Tutta la storia del Libano moderno è percorsa da un’ambiguità di fondo del suo sistema comunitario confessionale. Venne stabilito in via transitoria, ma da allora non è mai stato abolito.

Allo scoppio della guerra abbiamo visto come i due fronti contrapposti si schierassero uno con l’abolizione del sistema e l’altro con la riforma. Anche questa problematica viene messa in luce da Amil come una contraddizione dell’ideologia borghese, dalla quale non vi sarebbe via d’uscita se non con l’abolizione del sistema.

Per il nostro autore, nella concezione borghese dello Stato confessionale, parlare di riforma vuol dire in realtà fare in modo che le cose rimangano tali e quali. Il problema sta nel ritenere lo Stato, come abbiamo visto sopra, l’unico garante della pluralità. Secondo questa concezione il Libano non potrebbe esistere se non in quanto sistema basato su questo tipo di pluralismo confessionale, sopprimendo il quale si andrebbe a distruggere l’essenza stessa del Libano. Amil ne deduce che questo pensiero è portato quindi a vedere nell’unità del tessuto sociale la

soppressione della diversità e a ritenere che il cambiamento del sistema implichi la fine, la distruzione dello Stato libanese.

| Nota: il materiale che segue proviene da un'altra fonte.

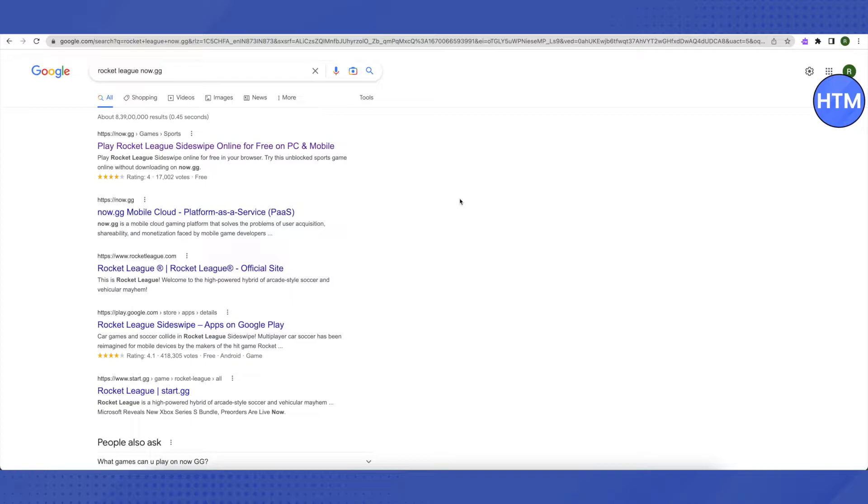rocketleaknow.gg on your browser, and after that open up the very first link that you will see on the search results.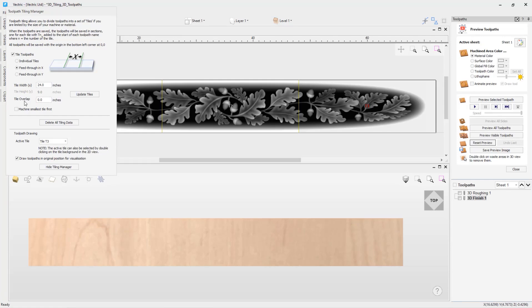There is an option here for a tile overlap. Adding a tile overlap will allow the toolpath for that tile to overcut that amount into the next tile. You may want to use this if the toolpath needs it to create a cleaner transition, otherwise the toolpath may not cut away enough material at the boundary. For this example, since our machine's maximum cutting area is 24 inches, which is what we have set for the tile width, we cannot add a tile overlap as it would go outside the work area, so we are leaving this as zero.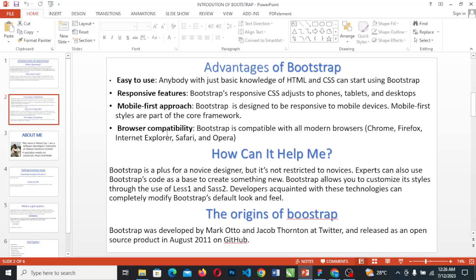Bootstrap developers acquainted with those technologies can completely modify Bootstrap's default look and feel. Origin of Bootstrap: Bootstrap was developed by Mark Otto and James Johnson at Twitter and released as an open source product on August 11th on GitHub. So Bootstrap is owned by Twitter but was developed by two developers working with Twitter.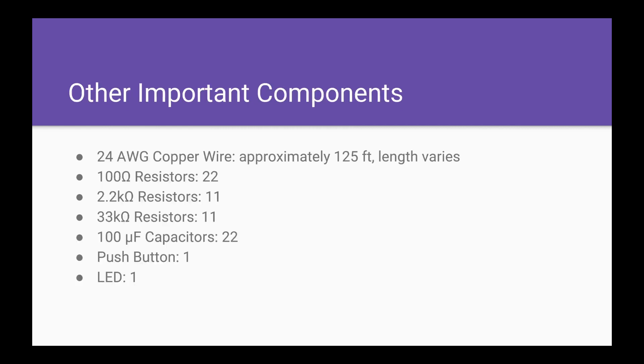Here are some of our other important components. We used 24-gauge copper wire, about 125 feet. This length can vary depending on the dartboard size. Initially, we planned on using smaller gauge wire, such as 44-gauge. However, this was too thin to handle and it would break easily.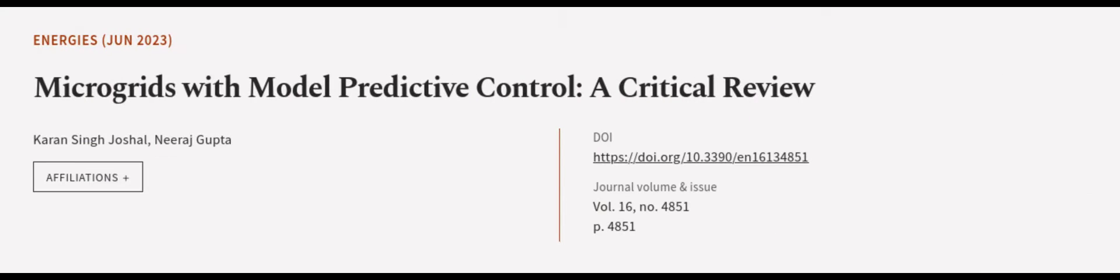This article was authored by Karen Singh Joshal and Neeraj Gupta. We are article.tv. Links in the description below.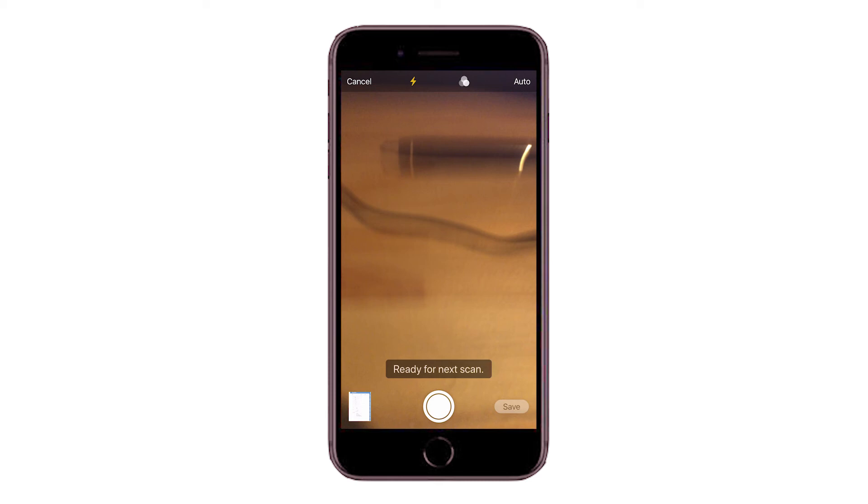Take photos of every sheet of your assignment. In the bottom right-hand corner, press Save.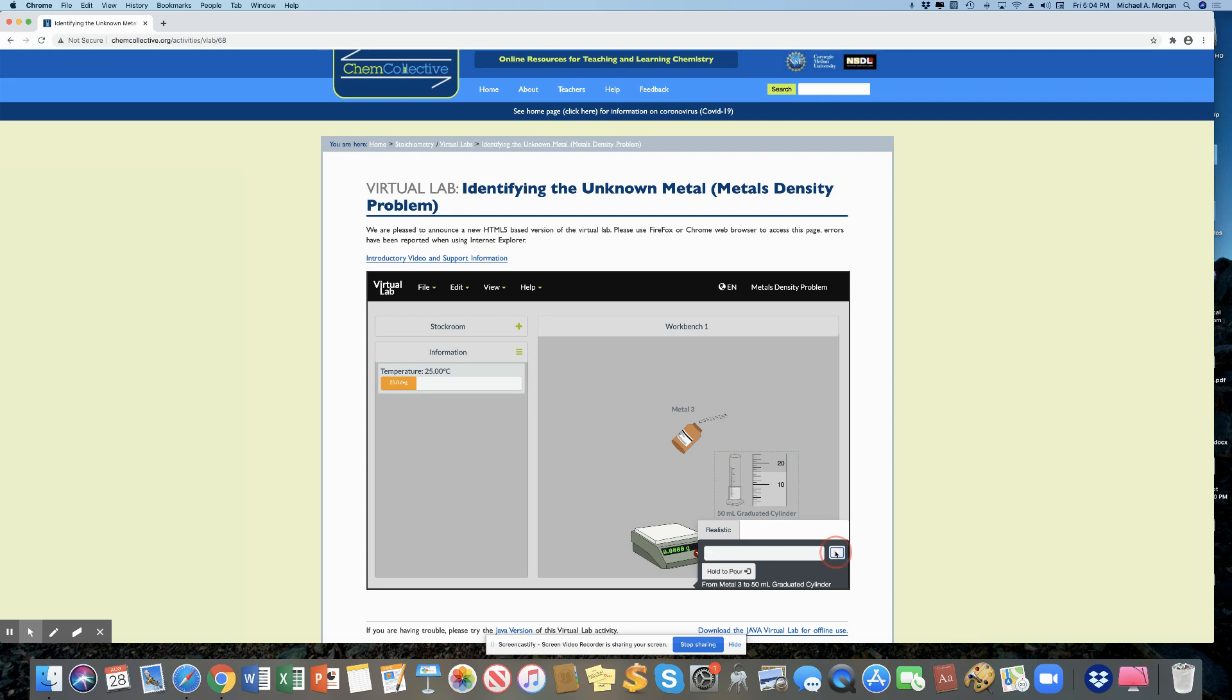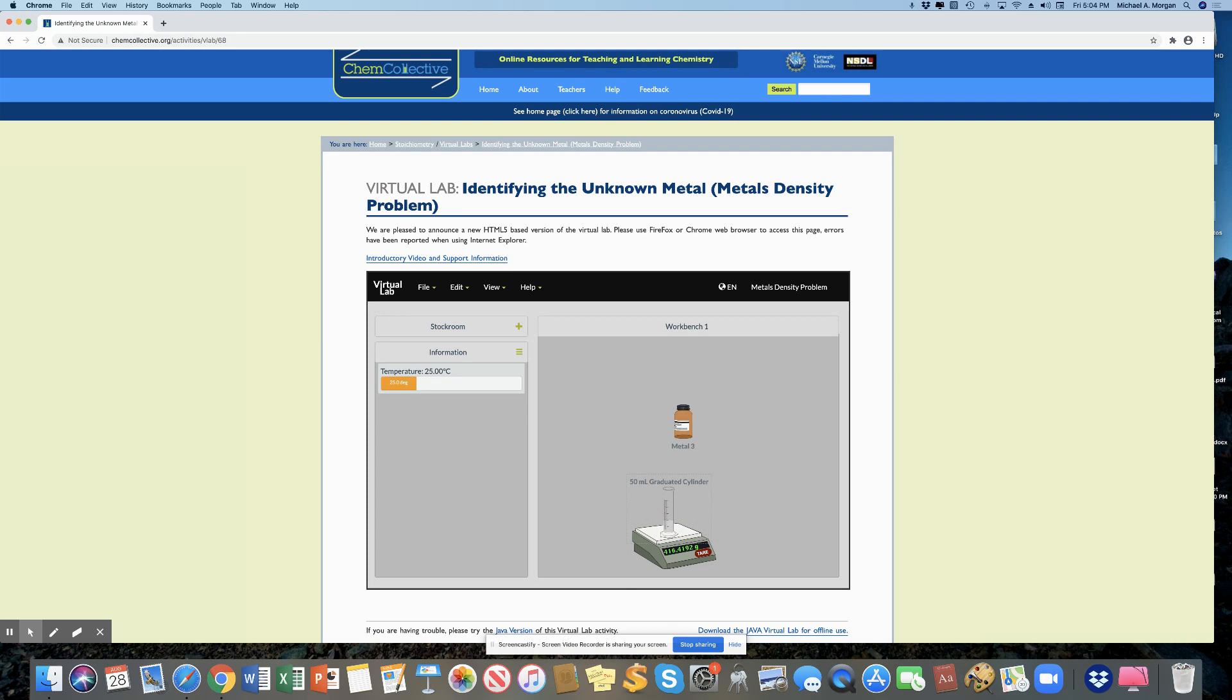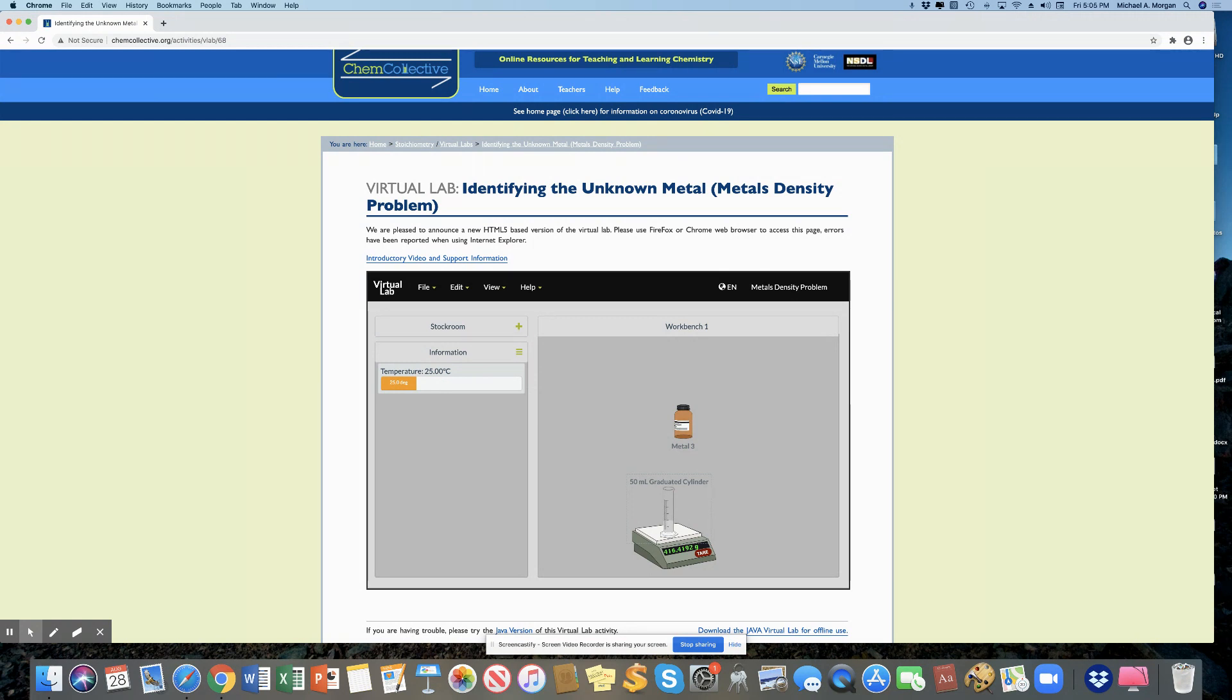Now, I'm going to clear that. I can put this onto the balance. And now I see a mass again. So I'll take the difference between the mass when that cylinder was empty and the mass that it is right now. And that'll tell me the mass of the metal.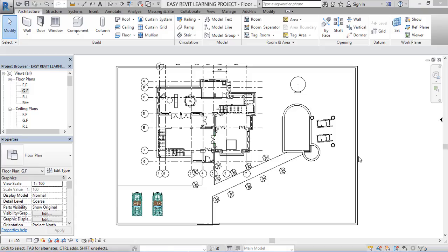Hello friends, today in this tutorial we are going to learn how to view a Revit project on mobile. Sometimes you prepare a project for your client but forget to take your laptop, so at that time you can use your mobile and show the client what project you have prepared.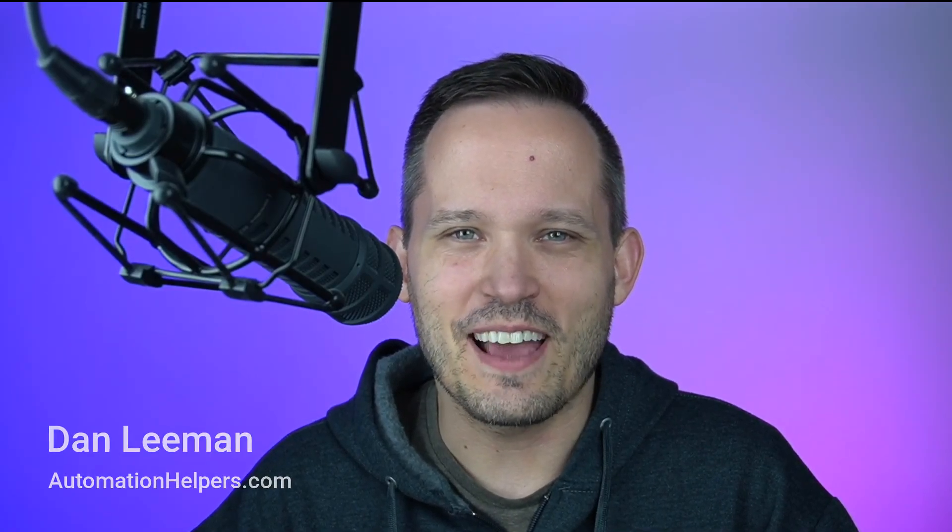Hey, this is Dan Lehman from AutomationHelpers.com. And in today's video, we want to talk about a question from the SmartSuite community from Rudy, who asked a great question about building a staff scheduling or rotational planner.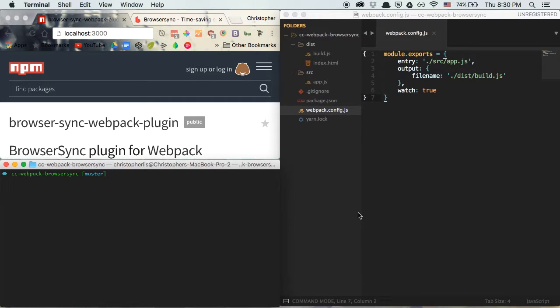What's up everyone, this is another Chris course with your host Chris, and in this episode I want to show you guys how to use something called the Browser Sync plugin in tandem with webpack, so that whenever we make a change to one of our files the browser is refreshed automatically.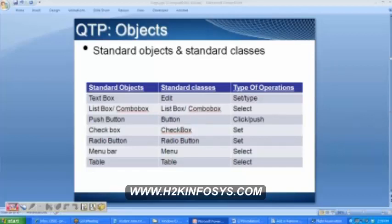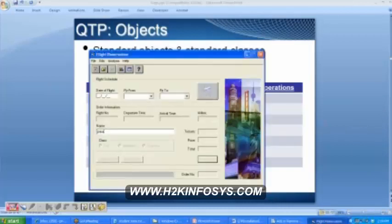Madhu has a question: are there any customized object classes and type of operation? Yes. The date of flight is a customized object, and all customized objects belong to the object class by default. They do not have separate classes — all of them belong to one common class. The name itself is the object class.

“La logica del pensiero di Chiha – che spiega l’esigenza del sistema confessionale con l’esistenza delle comunità confessionali in quanto entità autonome, quest’ultime essendone la causa e il primo essendone l’effetto – è una logica che stipula la perennità di questo sistema, anche se viene qualificato di provvisorio” (‘Amil, 1996: 141) .

La contraddizione di chi sostiene la riforma del sistema piuttosto che la sua abolizione risiede per Amil nel fatto che è allo Stato confessionale esistente che si affida in Libano il ruolo di portare a compimento la transizione tra una società di coesistenza confessionale a una società d’unità nazionale. Come si potrà fare l’unificazione della società con questo Stato nazionale? Si chiede Amil: “questo Stato confessionale non è il principale ostacolo all’unificazione? Come può essere lo Stato confessionale lo strumento di superamento del confessionalismo? Come può realizzare l’opera di uno Stato non confessionale?” (‘Amil, 1996: 131-135).

Egli ritiene che la riforma ipotizzata da alcune fazioni condurrebbe a un rinforzamento e a un radicamento del sistema politico confessionale e non al suo cambiamento. Più che una soluzione, la riforma appare ai suoi occhi come un aggravamento della crisi del sistema.

Inoltre, questa opposizione violenta alla richiesta di abolizione del sistema confessionale viene ritenuta un indicazione evidente di quanto la forma confessionale di questo Stato sia essenziale alla sua esistenza in quanto Stato borghese. Questa forma permetterebbe infatti alla borghesia di conservare la presa sul corso della lotta di classe mantenendo le classi lavoratrici prigioniere di un rapporto di dipendenza nei suoi riguardi. Questo rapporto, che è precisamente un rapporto di rappresentanza comunitario-confessionale, fa in modo che le classi lavoratrici siano subordinate ai loro rappresentanti comunitari in seno alla borghesia e siano quindi privati di una esistenza politica indipendente. La forma confessionale dello Stato borghese libanese è essenziale alla sua esistenza in quanto Stato di classe borghese (‘Amil, 1996: 37).